Jasmina Santos-Campbell is a brilliant and immediately likeable character. She's the captain of the Bramrock Stars, the first girls' football team from her school, which is on the road to success. They just don't know it yet. I was immediately drawn in by Priscilla Mante's wonderful, fast-paced plot and the seven very distinct characters who form Jaz's team.
The book is a story about many things. Above all, it's a tale of determination which sends a message to all girls that they should pursue their dreams even if (or perhaps particularly if) there are many hurdles on the path to victory. Women's football is still so under-represented in the media, with salaries not even close to those of male players, but Jaz is determined to play a part in turning this around.
The story also touches on the important theme of family separation and the guilt that often accompanies it.
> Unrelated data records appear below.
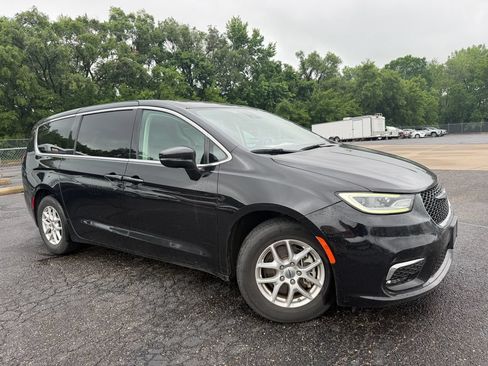 Used 2024 Chrysler Pacifica Touring-L FWD image 5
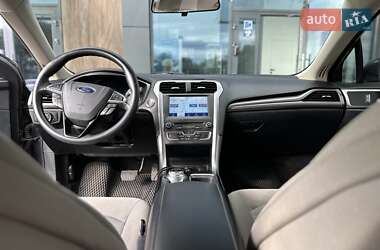 Седан Ford Fusion 2016 в 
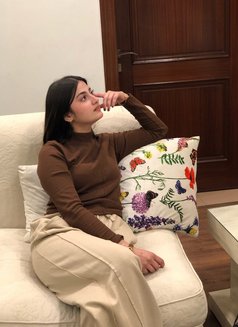 Smriti Sharma - escort in New Delhi Photo 1 of 5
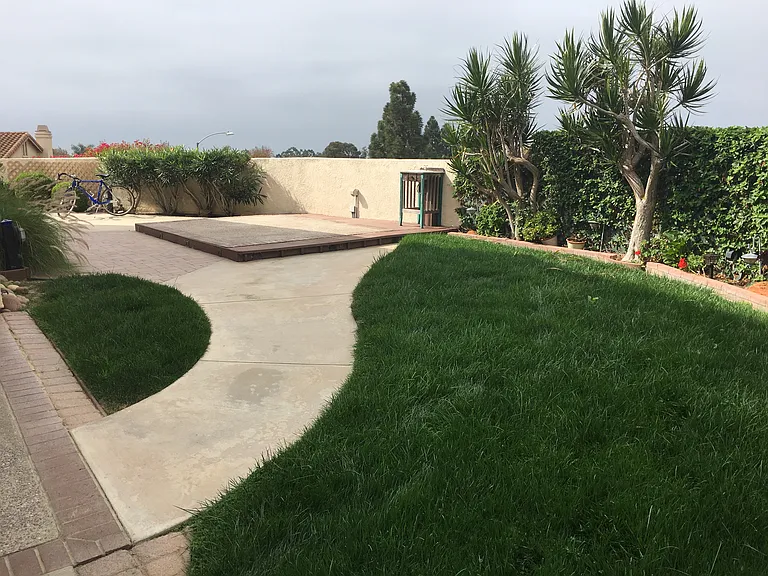 951 Boxwood Ct — Photo 7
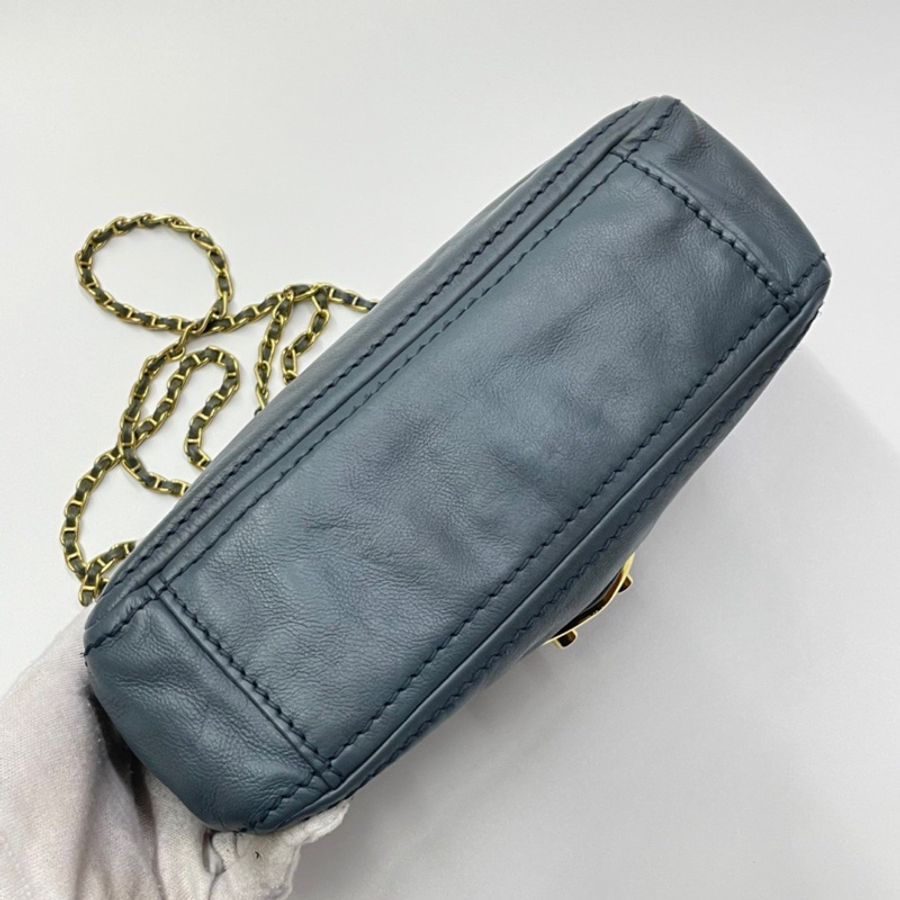 Prada vintage 霧霾藍豬鼻子包包-8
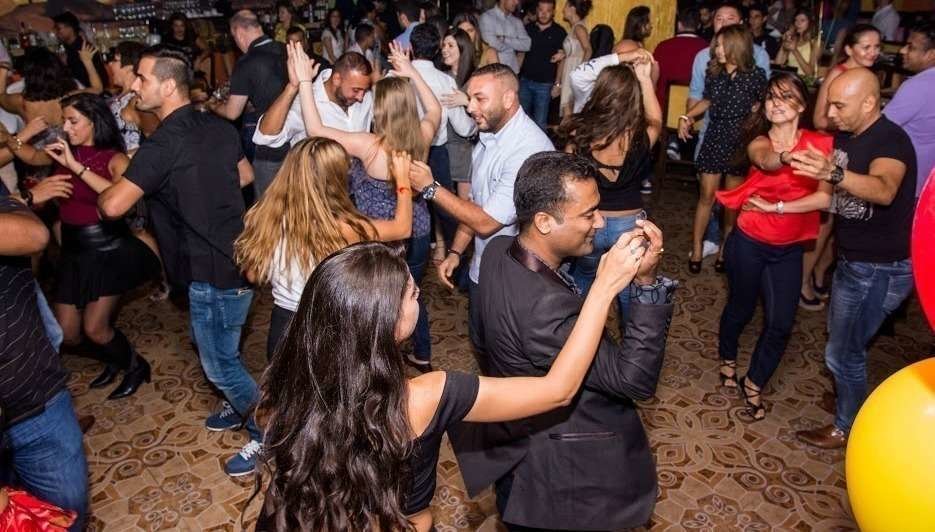 Público bailando durante una fiesta en Dubai. (Cedida)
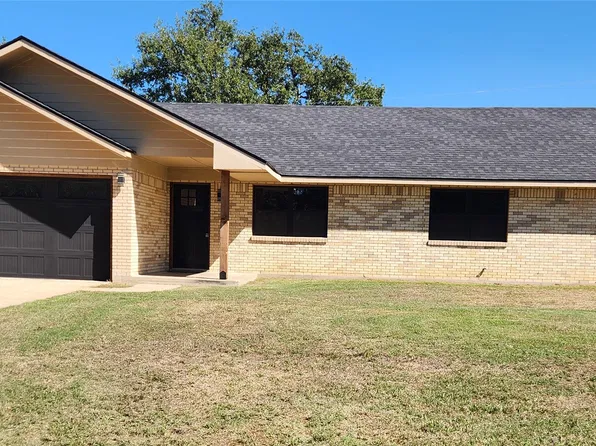 682 N Hickory St, Atoka, OK 74525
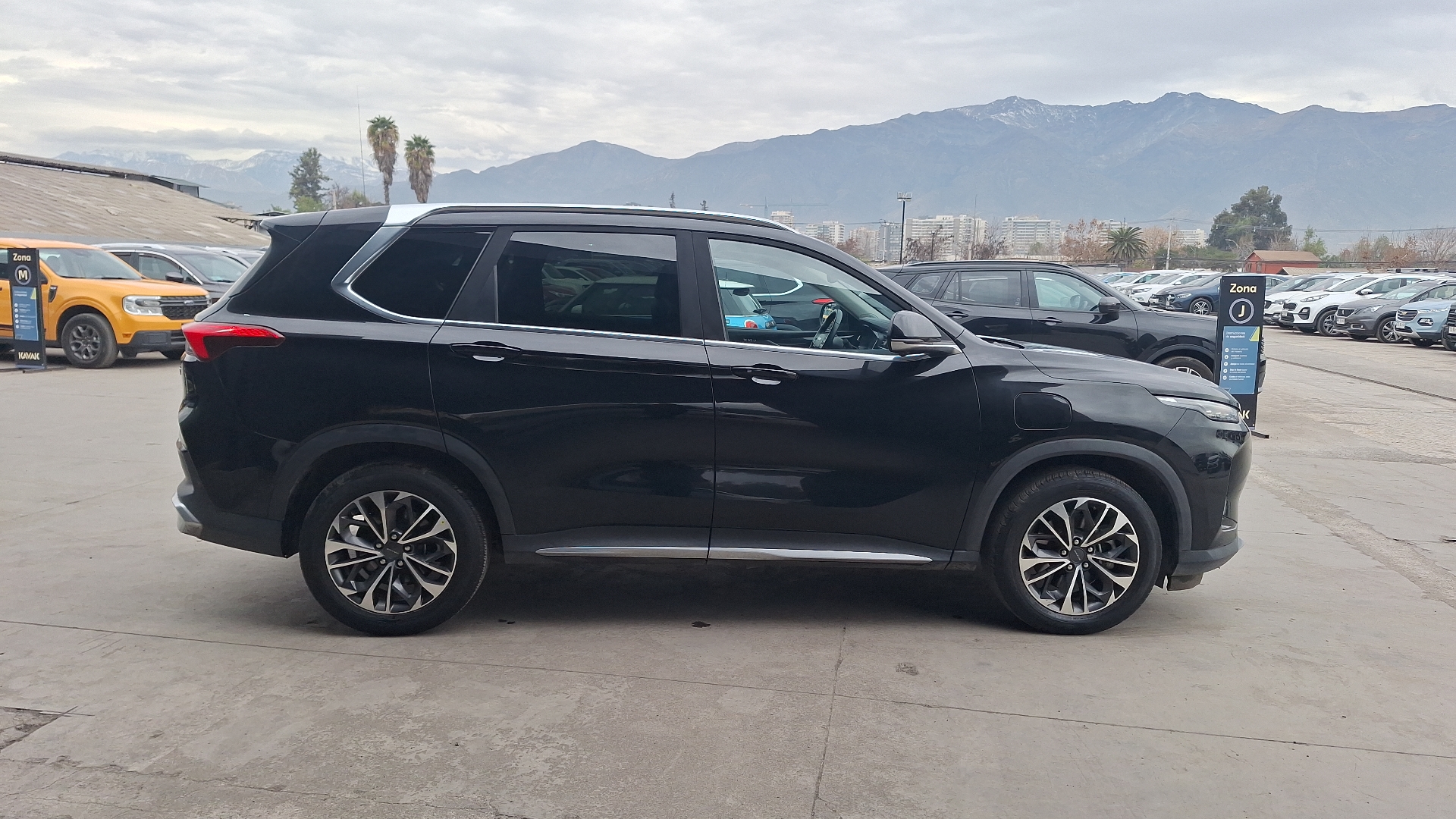 Maxus Euniq 6 — foto 5 de 16
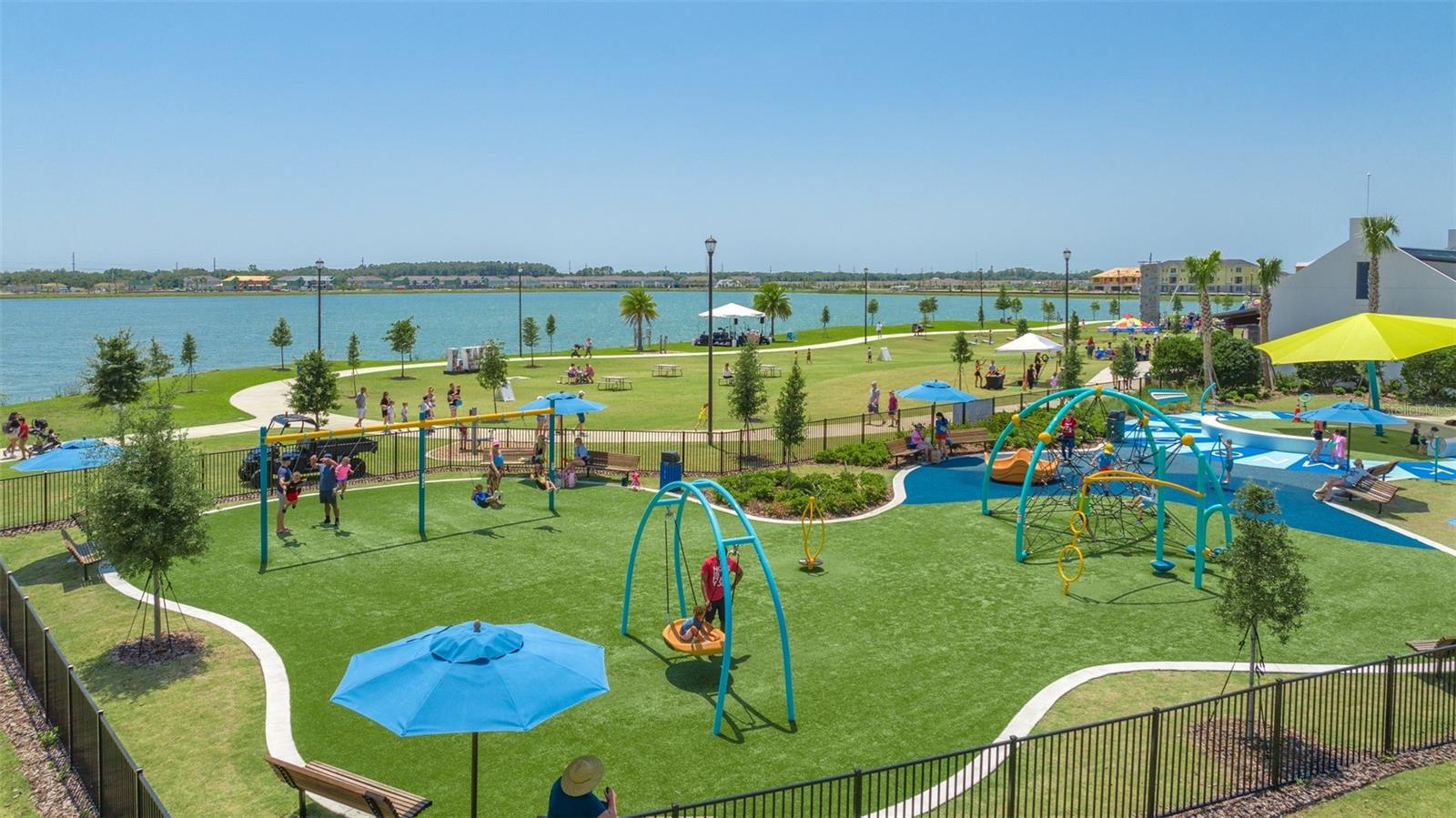 LAKEHOUSE COVE - Residential
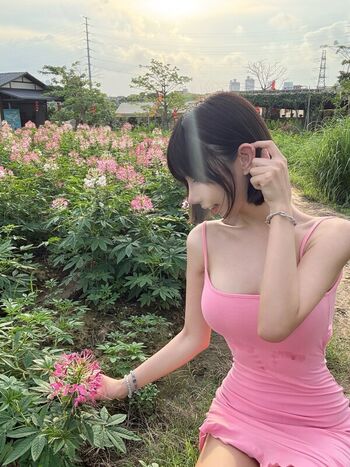 Full leaked Zoeso private onlyfans photo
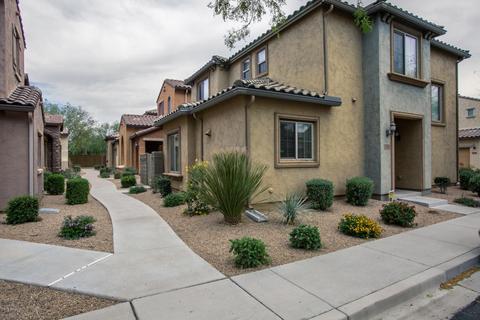 3942 E Cat Balue Dr, Phoenix, AZ 85050 photo 8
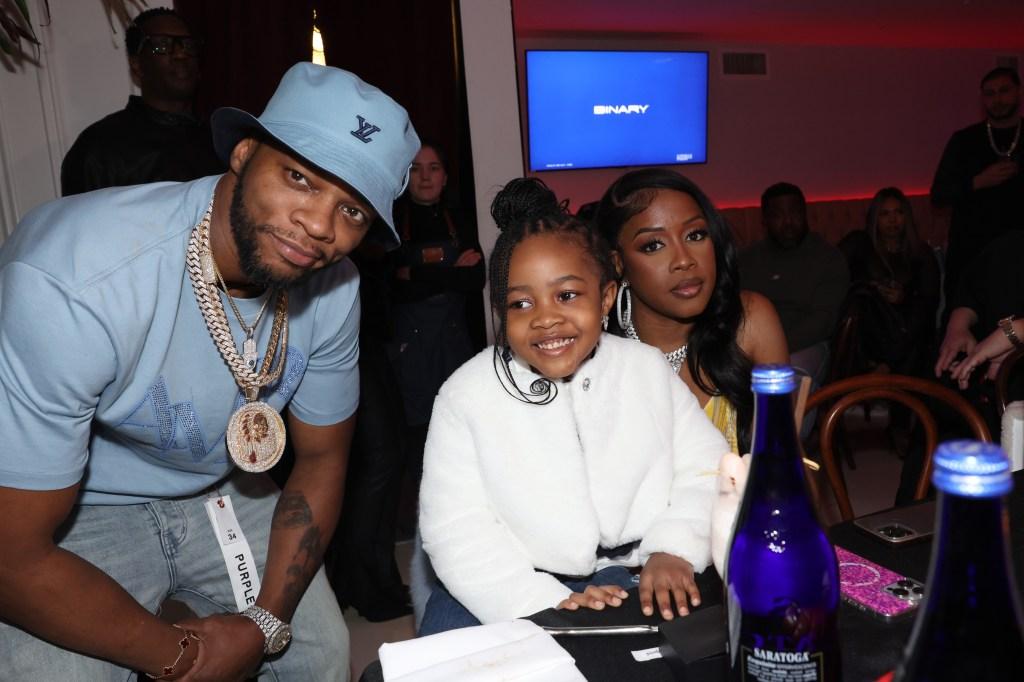 Remy Ma e Papoose se reencontram para a formatura da filha.
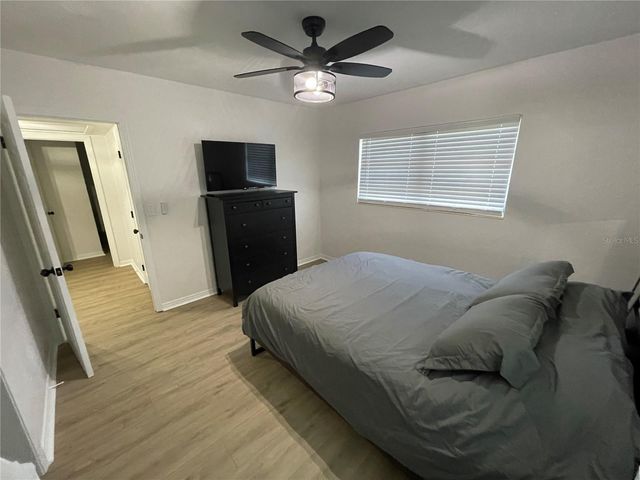 3211 W LEONA STREET, Tampa, FL 33629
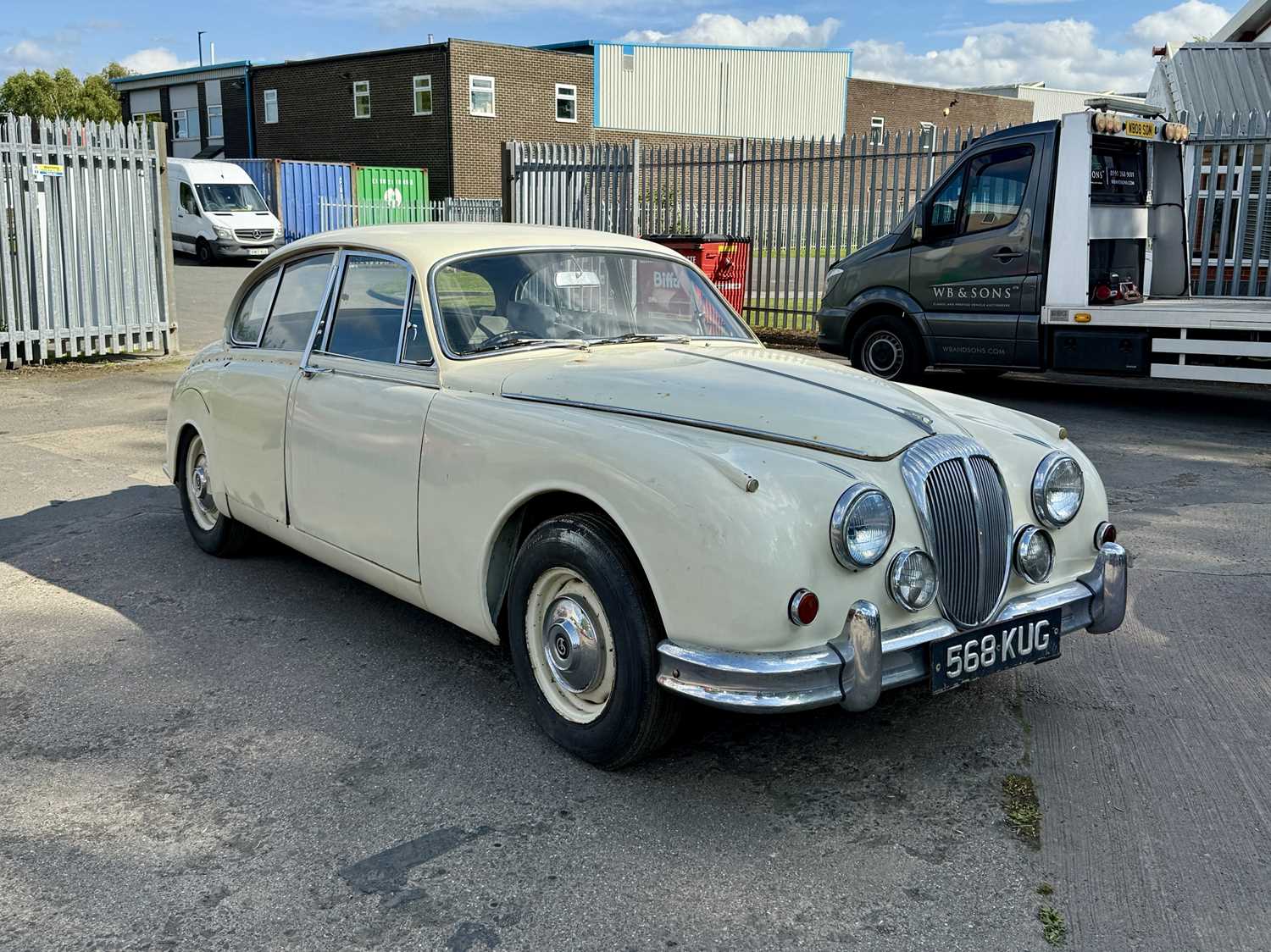 Lot 57 - 1964 Daimler 250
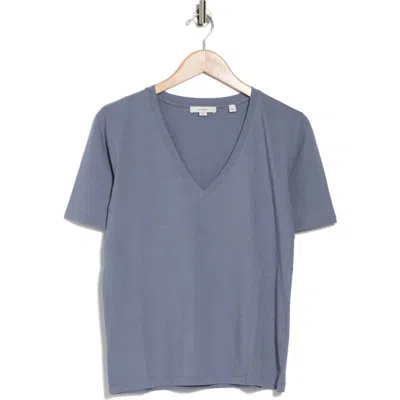 Vince V-neck Elbow Sleeve T-shirt In Blue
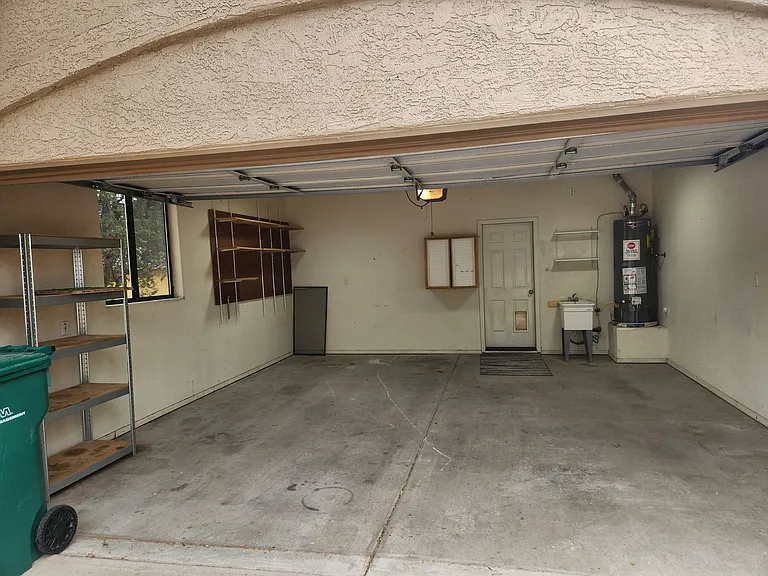 310 N Stagecoach Pass — Photo 2
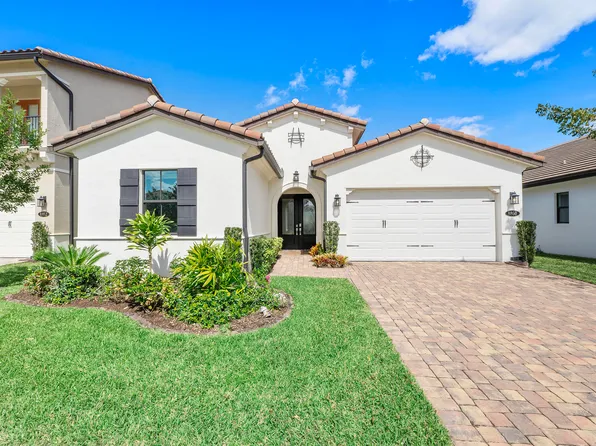 8860 Grand Prix Lane, Boynton Beach, FL 33472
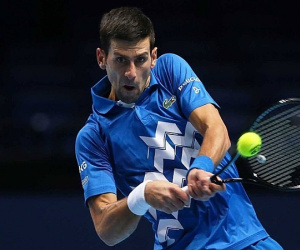 Djokovic đấu Thiem ở bán kết ATP Finals
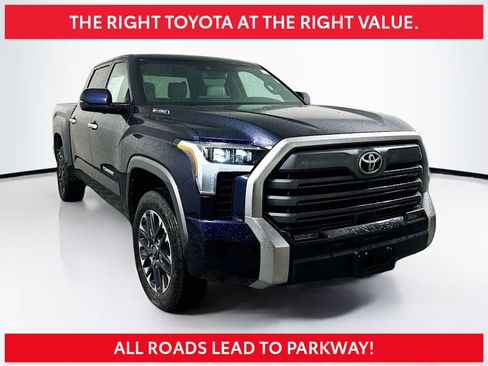 Used 2025 Toyota Tundra Limited image 1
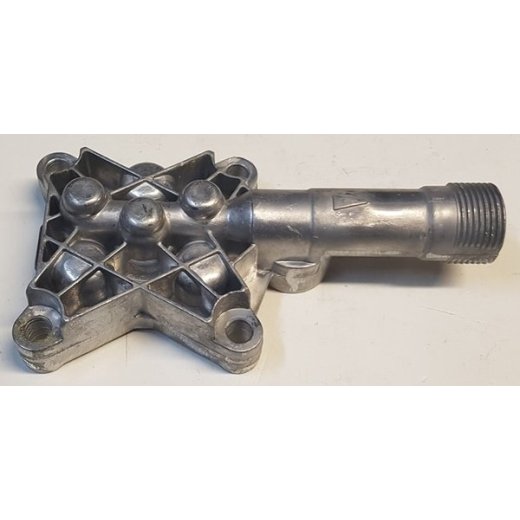 Корпус насоса  мойки HP3140 сторона выпускного патрубка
Jaz feels that if only she could cause a bit less trouble and play a bit better in her games, her parents might get back together and her mum (Mae) might move back home. But with time she realises that she and her brother aren't to blame in the slightest for what's happening at home, and that her parents, together or apart from each other, will always be her biggest fans.
Finally, Jaz Santos Vs The World is a wonderful celebration of friendship and kindness, and equality which we all need to see more of in current times. The below extract is a brilliant example:
Have you ever felt it's nice to be with your friends without actually having to talk or listen to them? That's how I felt. As we made our way to school on Monday morning, the silence between Charligh and me was as comfortable as my old, fluffy slippers.
At breaktime, we got together with my team-mates. The final was just two weeks away and we decided to use every lunchtime we could to train. As usual, the boys took the football pitch over completely and Rotten Roundtree backed them up. 'They need to train for their games,' he said.
'What about us? We need to train too,' I retorted, bursting with the injustice of it all, but he just shooed us away as if we were annoying flies.'
I would recommend this brilliant story to all 8-12 readers!